Enhanced field-scale characterization for watershed erosion assessments

Authors: MOMM, HENRIQUE - Middle Tennessee State University; Bingner, Ronald - Ron; Wells, Robert - Rob; PORTER, WESLEY - Middle Tennessee State University; Witthaus, Lindsey; DABNEY, SETH - Retired ARS Employee

Submitted to: Journal of Environmental Modeling and Software
Publication Type: Peer Reviewed Journal
Publication Acceptance Date: 3/26/2019
Publication Date: 5/6/2019
Citation: Momm, H.G., Bingner, R.L., Wells, R.R., Porter, W.S., Yasarer, L.M., Dabney, S.M. 2019. Enhanced field-scale characterization for watershed erosion assessments. Journal of Environmental Modeling and Software. 117:134-148. https://doi.org/10.1016/j.envsoft.2019.03.025.
DOI: https://doi.org/10.1016/j.envsoft.2019.03.025

Interpretive Summary: Watershed-scale simulation technology can be used to identify and track sediment loads that originate in fields and are then routed downstream.

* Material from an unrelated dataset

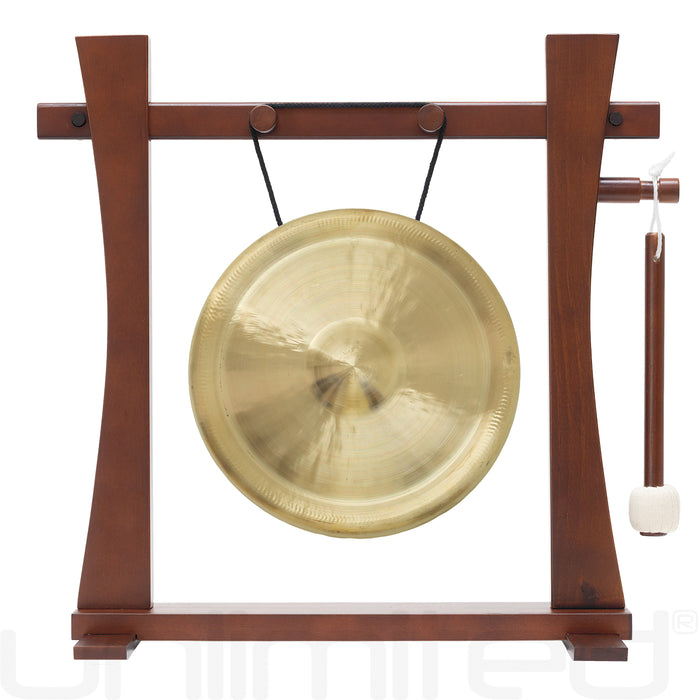 10" Golden Bao Gong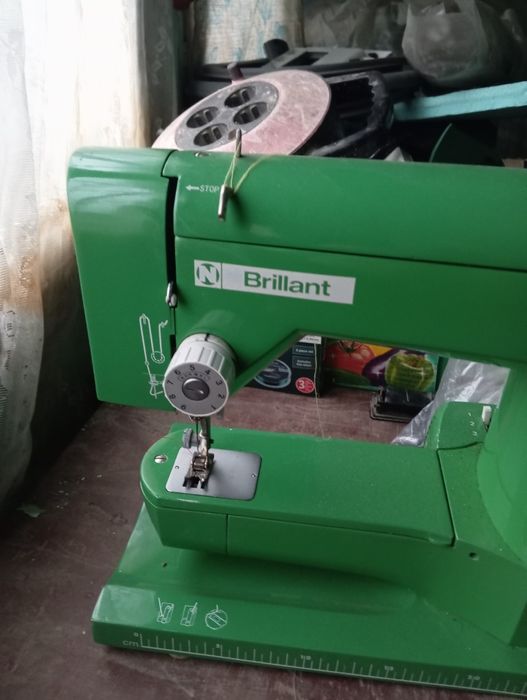 Шевни Машини за ЧАСТИ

This technology allows for quantification of the impact of individual and/or integrated management practices throughout the watershed. Watershed simulation technology was used to simulate the erosion from all fields in the watershed with the highest erosive fields identified for further study with advanced field erosion technology. Using an integrated modeling approach, these targeted fields can be analyzed based on multiple management, landscape, and combined management-landscape conditions. The erosion from these targeted field can then be integrated back into the watershed simulations to quantify the overall effect of enhanced field characterization on sediment loads at the field and watershed scales. Methods for identification of critical sediment producing areas using integrated field erosion and watershed sediment transport models can be used to support the development, evaluation and implementation of conservation management plans impacting the entire watershed by action agencies.

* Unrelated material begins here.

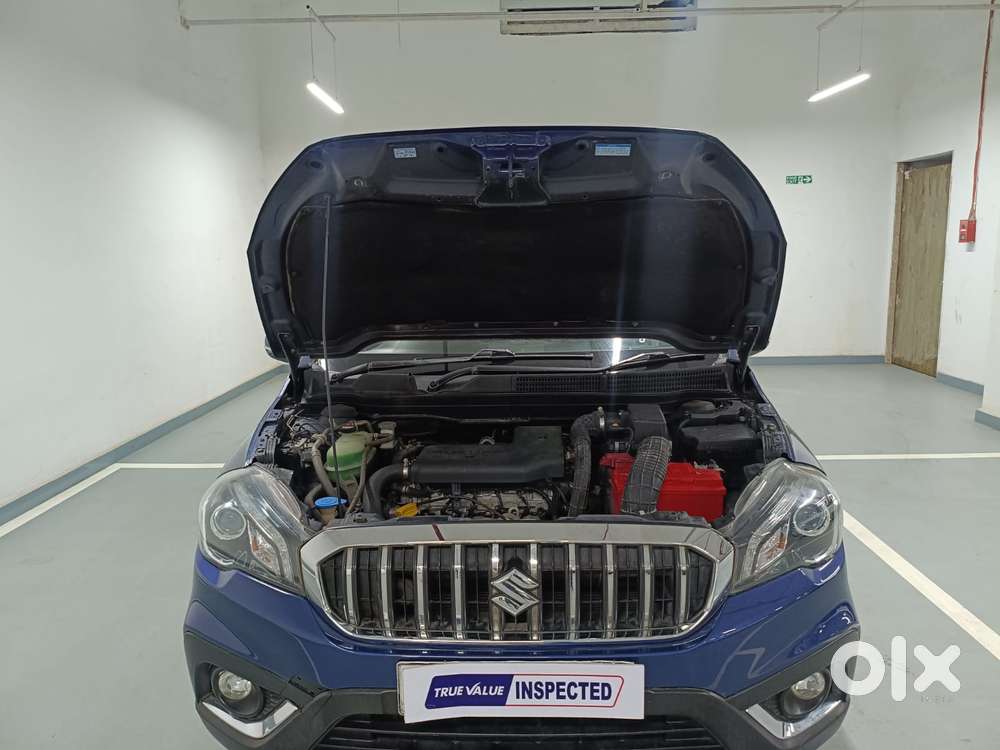 Maruti Suzuki S Cross Alpha Shvs, 2019, Diesel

Technical Abstract: Watershed-scale simulation technology can be used to track sediment loads that originate in fields and are then routed downstream. This technology allows for quantification of the impact of individual and/or integrated management practices throughout the watershed. An example of this technology is the Annualized Agricultural Non-Point Source watershed pollutant load model (AnnAGNPS). In AnnAGNPS, the watershed is subdivided into basic modeling units (fields) in which all spatially and temporally varying physical parameters are assumed to be homogeneous. This simplification is needed to provide conservation practice assessment at the watershed scale within a reasonable amount of time for data preparation and program execution. Conversely, the Revised Universal Soil Loss Equation, Version 2 (RUSLE2) can estimate sediment yield at the field scale with enhanced capabilities in describing field variations of farming management, topography, and soil properties. In this study, an integrated approach was developed and evaluated involving both models for enhanced characterization of individual fields while accounting for the watershed-wide integrated intra fields effect when routing sediment loads through the watershed. The identification of fields producing high erosion rates within the watershed can be initially performed using AnnAGNPS. Using an integrated modeling approach, these targeted fields can be described through multiple scenarios of RUSLE2 slope profiles and analyzed based on multiple management, landscape, and combined management-landscape conditions. These RUSLE2 scenarios can then be integrated into AnnAGNPS watershed simulations to quantify the overall effect of enhanced field characterization on sediment loads at the field and watershed scales. Methods for identification of critical sediment producing areas using integrated RUSLE2 erosion and AnnAGNPS sediment transport models can be used to support the development and evaluation of conservation management plans impacting the entire watershed.